Subjects for final examination

The examination is not comprehensive but focuses
on the material covered after the second midterm.
Of course, I assume that you are knowledgable about
the general notions used in class, like nullspace,
REF, determinant, etc.


-- Scalar products and inner products
   Practice problems: Ch5Sec2Ex6, Ch5Sec2Ex16 (difficult)

-- Normed vector spaces

-- Cauchy-Schwarz inequality and application to norm induced by inner prod
   Practice problems: Ch5Sec3Ex2, Ch5Sec3Ex26

-- Least squares problems I: solution based on linear system solving
   Practice problems: Ch5Sec4Ex9 (moderately difficult)

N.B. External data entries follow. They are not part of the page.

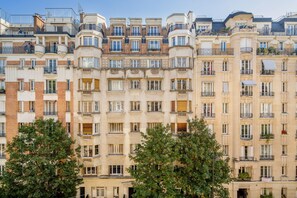 A multi-story residential building with balconies, large windows, and a uniform architectural style. - Blueground | Porte de Champerret, concierge (Paris)
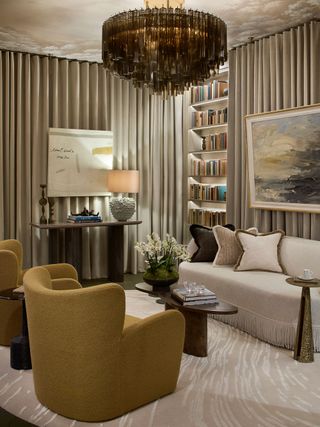 a beige room with a curtain wall, a wallpapered ceiling and chandelier, with artwork hung over the walls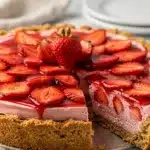 Easy no bake strawberry pie with creamy filling and fresh fruit garnish.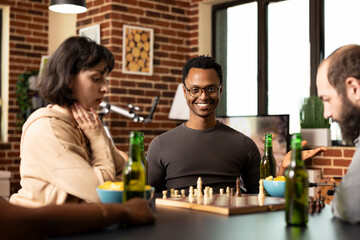 Cheerful black man wearing glasses, seated at board game session with caucasian friends. African American guy smiling playfully at camera during casual chess match in cozy brick wall room.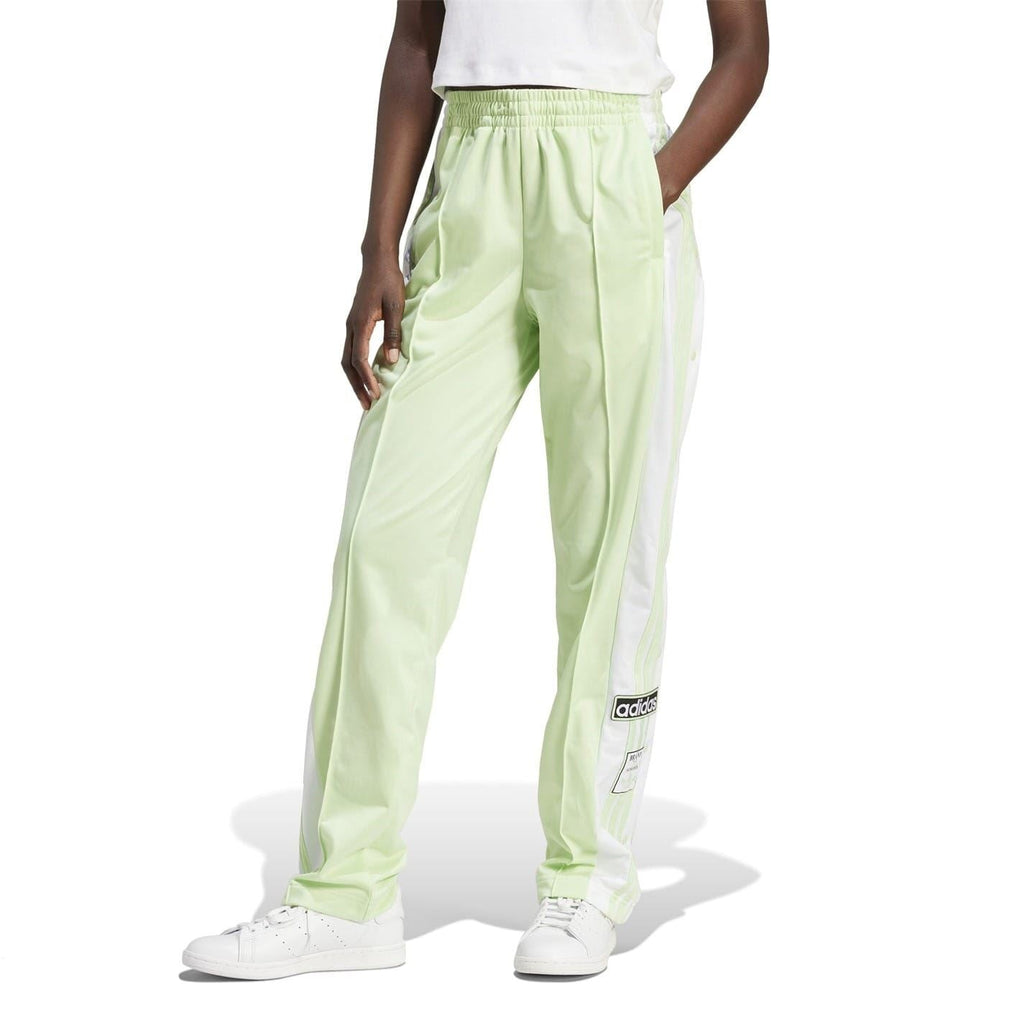 Light green track pants with tapered legs and contrast side stripes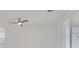 Bright living room featuring a ceiling fan, modern windows, and white walls, perfect for relaxation and entertainment at 8852 Flora Run Ave, Las Vegas, NV 89166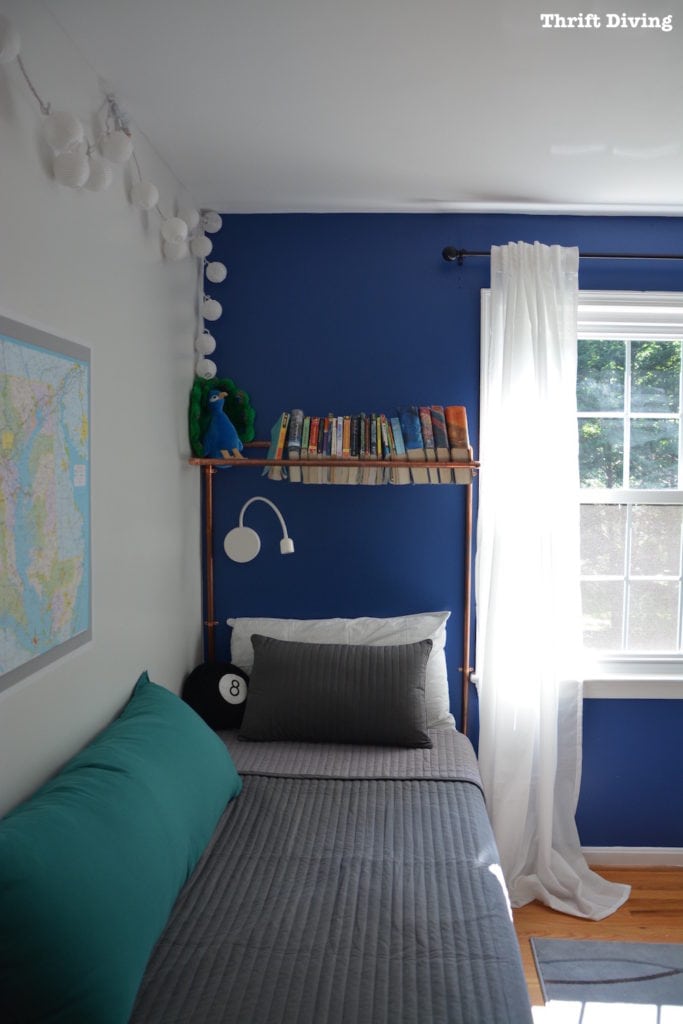 Tween Boys Blue Bedroom Makeover - Turn a boys room into a cozy bedroom using Behr Mosaic Glue, IKEA curtains and bedding, and a copper piping bookshelf | Thrift Diving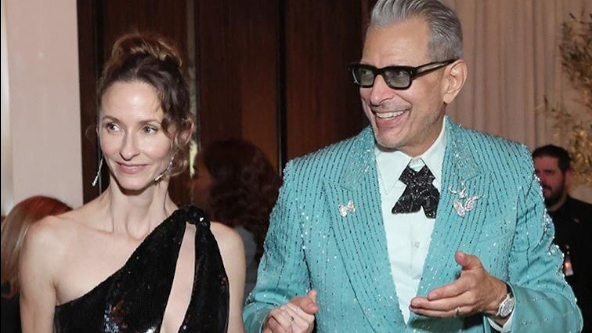 Jeff Goldblum in a blue suit with his wife Emilie Livingston wearing a black dress at the Golden Globe 2025.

-- Orthonormal sets and the Gram-Schmidt process
   Least squares problems II: solution based on orthogonalization
   Practice problems: Ch5Sec5Ex13, Ch5Sec6Ex5

-- Eigen-values, -vectors, -spaces; char polynomial
   Practice problems: Ch6Sec1Ex9, Ch6Sec1Ex15
 
-- Solution of lin diff equs with constant coefficients
   Practice problems: Ch6Sec2Ex5

-- Diagonalizing a matrix with lin. ind. eigenvectors
   Practice problems: Ch6Sec3Ex11 (was drill on HW 11)
 
-- Computing a matrix power and the exponential of a matrix
   Practice problems: Ch6Sec3Ex21

-- Complex matrices: conjugate and the Hermitian property
   Practice problems: Ch6Sec4Ex5(d)


Note: You are allowed to bring TWO 8.5' by 11' sheets
with notes on both sides to the exam.